Twitter: the most out-of-control gig ever

Twitter

Social media - and Twitter in particular - can be a seriously mixed bag for comedy people. For every up, there's a down; for every swing, a roundabout. Not that there's anything wrong with roundabouts, really, but you get the idea.

Even the most social media-sceptical of comedians will often have a Twitter presence, even if they only use it for promotional purposes: you'll hear nothing for weeks, forget you follow them, then they'll pop up with some tour dates as if they've never been away. It's undeniably a useful tool for plugging stuff, and Twitter's limited-character concept has also proven a useful way of honing the joke-writing skills, forcing comics to cut out the chaff and get to the meat of a gag.
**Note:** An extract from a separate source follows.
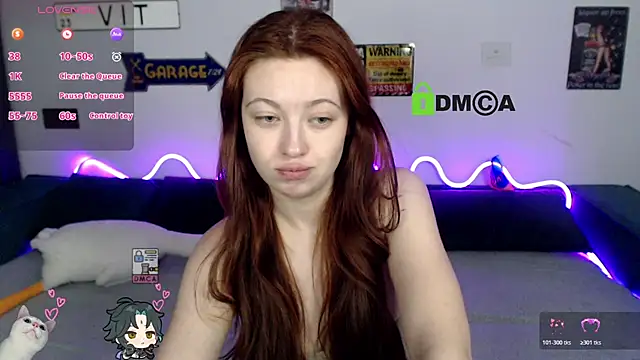 AmourLily live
The recent doubling of the site's character limit has taken away that challenge, sadly: now you can warble on at length, which is not necessarily a good thing. But then for a high-profile person, doing anything on Twitter is likely to encourage both good and bad responses, however brilliant it may be. Social media has certainly changed. In the good old days - still less than a decade ago - the edgiest thing about these sites was people poking each other on Facebook, and the only rival factions were the pokers and the pokies. Did you know that pokies is also a term for poker machines, incidentally? You do now.

Twitter

Twitter itself was initially viewed as a place where people just wrote about what lunch they were having (now they post pictures of their lunch on Instagram), while the major bone of contention for comedians was lesser talents nicking their gags and tweeting them as if they were their own. We won't name them, but a couple of celebs were particularly shameless about joke appropriation, perhaps clinging to the old music hall idea that a gag is fair game as soon as someone tells it once.

But Twitter has grown enormously over the last five years, and transformed into a sort of big angry city rather than the quaint little town it used to be. No matter how apolitical and uncontroversial a comic may try to be, they're likely to get all sorts of stick at some point, for the most innocuous of gags. For that reason, a lot of famous funny people treat Twitter like a bus: they jump on and off it fairly regularly.
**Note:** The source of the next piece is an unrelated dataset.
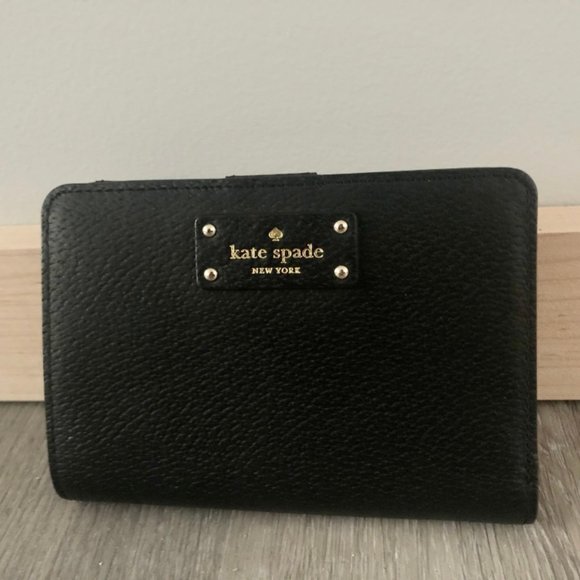 kate spade compact wallet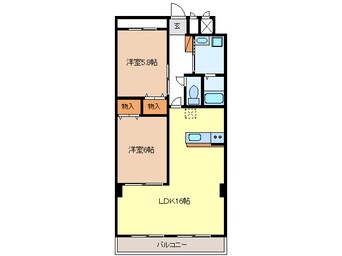 間取図 セントリアファースト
Still, dealing with abusive types can also be useful practice for comics who do regular gigs, and a lot of acts give as good as they get. One high-profile stand-up we spoke seemed to actively enjoy taking on Twitter trolls, and treats them like hecklers: his role, he said, is to abuse those rude people as amusingly as possible, for the enjoyment of his other followers, as if he's onstage in a club. And when they all wade in too, all the better.